(DATA IN THIS EXERCISE)

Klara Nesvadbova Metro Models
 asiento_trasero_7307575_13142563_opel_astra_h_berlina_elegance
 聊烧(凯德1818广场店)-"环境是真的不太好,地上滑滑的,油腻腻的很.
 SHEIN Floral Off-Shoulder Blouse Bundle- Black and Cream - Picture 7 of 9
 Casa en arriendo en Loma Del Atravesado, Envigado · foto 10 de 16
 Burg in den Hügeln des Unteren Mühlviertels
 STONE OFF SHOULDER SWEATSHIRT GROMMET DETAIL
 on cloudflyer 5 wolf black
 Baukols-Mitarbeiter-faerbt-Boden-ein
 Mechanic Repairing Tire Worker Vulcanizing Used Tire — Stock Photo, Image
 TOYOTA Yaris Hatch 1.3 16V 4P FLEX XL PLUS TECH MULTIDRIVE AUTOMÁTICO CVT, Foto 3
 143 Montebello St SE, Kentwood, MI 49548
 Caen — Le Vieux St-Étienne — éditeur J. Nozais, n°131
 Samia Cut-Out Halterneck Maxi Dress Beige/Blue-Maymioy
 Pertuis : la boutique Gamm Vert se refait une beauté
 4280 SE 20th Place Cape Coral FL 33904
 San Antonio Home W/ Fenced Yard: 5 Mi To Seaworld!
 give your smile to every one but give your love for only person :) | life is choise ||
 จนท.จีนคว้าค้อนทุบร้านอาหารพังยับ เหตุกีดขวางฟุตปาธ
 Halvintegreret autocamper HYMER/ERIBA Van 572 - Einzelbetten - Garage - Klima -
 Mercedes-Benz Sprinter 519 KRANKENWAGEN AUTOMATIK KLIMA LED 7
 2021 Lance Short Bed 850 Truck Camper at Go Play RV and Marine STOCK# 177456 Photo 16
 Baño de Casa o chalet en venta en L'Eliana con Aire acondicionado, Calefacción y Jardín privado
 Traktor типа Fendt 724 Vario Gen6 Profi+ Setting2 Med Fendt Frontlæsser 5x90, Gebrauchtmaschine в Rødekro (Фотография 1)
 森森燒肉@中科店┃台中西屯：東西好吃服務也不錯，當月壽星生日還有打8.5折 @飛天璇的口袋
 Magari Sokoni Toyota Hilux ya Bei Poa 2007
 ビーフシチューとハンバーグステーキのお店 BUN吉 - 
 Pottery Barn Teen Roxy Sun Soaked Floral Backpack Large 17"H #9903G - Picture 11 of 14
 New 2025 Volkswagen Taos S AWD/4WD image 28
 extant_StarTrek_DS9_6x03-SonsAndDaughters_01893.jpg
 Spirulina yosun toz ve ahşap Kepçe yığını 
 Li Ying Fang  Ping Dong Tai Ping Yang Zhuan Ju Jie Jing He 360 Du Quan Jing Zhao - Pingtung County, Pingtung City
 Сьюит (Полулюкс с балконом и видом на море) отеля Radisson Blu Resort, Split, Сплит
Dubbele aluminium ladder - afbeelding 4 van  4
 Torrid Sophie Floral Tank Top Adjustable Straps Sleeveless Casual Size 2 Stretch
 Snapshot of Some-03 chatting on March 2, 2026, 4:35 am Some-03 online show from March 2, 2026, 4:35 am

(End DATA IN THIS EXERCISE)

(WHAT THIS TASK INVOLVES): A word-for-word restatement of all the records is required.

(RESULT OF THIS TASK):
Klara Nesvadbova Metro Models
 asiento_trasero_7307575_13142563_opel_astra_h_berlina_elegance
 聊烧(凯德1818广场店)-"环境是真的不太好,地上滑滑的,油腻腻的很.
 SHEIN Floral Off-Shoulder Blouse Bundle- Black and Cream - Picture 7 of 9
 Casa en arriendo en Loma Del Atravesado, Envigado · foto 10 de 16
 Burg in den Hügeln des Unteren Mühlviertels
 STONE OFF SHOULDER SWEATSHIRT GROMMET DETAIL
 on cloudflyer 5 wolf black
 Baukols-Mitarbeiter-faerbt-Boden-ein
 Mechanic Repairing Tire Worker Vulcanizing Used Tire — Stock Photo, Image
 TOYOTA Yaris Hatch 1.3 16V 4P FLEX XL PLUS TECH MULTIDRIVE AUTOMÁTICO CVT, Foto 3
 143 Montebello St SE, Kentwood, MI 49548
 Caen — Le Vieux St-Étienne — éditeur J. Nozais, n°131
 Samia Cut-Out Halterneck Maxi Dress Beige/Blue-Maymioy
 Pertuis : la boutique Gamm Vert se refait une beauté
 4280 SE 20th Place Cape Coral FL 33904
 San Antonio Home W/ Fenced Yard: 5 Mi To Seaworld!
 give your smile to every one but give your love for only person :) | life is choise ||
 จนท.จีนคว้าค้อนทุบร้านอาหารพังยับ เหตุกีดขวางฟุตปาธ
 Halvintegreret autocamper HYMER/ERIBA Van 572 - Einzelbetten - Garage - Klima -
 Mercedes-Benz Sprinter 519 KRANKENWAGEN AUTOMATIK KLIMA LED 7
 2021 Lance Short Bed 850 Truck Camper at Go Play RV and Marine STOCK# 177456 Photo 16
 Baño de Casa o chalet en venta en L'Eliana con Aire acondicionado, Calefacción y Jardín privado
 Traktor типа Fendt 724 Vario Gen6 Profi+ Setting2 Med Fendt Frontlæsser 5x90, Gebrauchtmaschine в Rødekro (Фотография 1)
 森森燒肉@中科店┃台中西屯：東西好吃服務也不錯，當月壽星生日還有打8.5折 @飛天璇的口袋
 Magari Sokoni Toyota Hilux ya Bei Poa 2007
 ビーフシチューとハンバーグステーキのお店 BUN吉 - 
 Pottery Barn Teen Roxy Sun Soaked Floral Backpack Large 17"H #9903G - Picture 11 of 14
 New 2025 Volkswagen Taos S AWD/4WD image 28
 extant_StarTrek_DS9_6x03-SonsAndDaughters_01893.jpg
 Spirulina yosun toz ve ahşap Kepçe yığını 
 Li Ying Fang  Ping Dong Tai Ping Yang Zhuan Ju Jie Jing He 360 Du Quan Jing Zhao - Pingtung County, Pingtung City
 Сьюит (Полулюкс с балконом и видом на море) отеля Radisson Blu Resort, Split, Сплит
Dubbele aluminium ladder - afbeelding 4 van  4
 Torrid Sophie Floral Tank Top Adjustable Straps Sleeveless Casual Size 2 Stretch
 Snapshot of Some-03 chatting on March 2, 2026, 4:35 am Some-03 online show from March 2, 2026, 4:35 am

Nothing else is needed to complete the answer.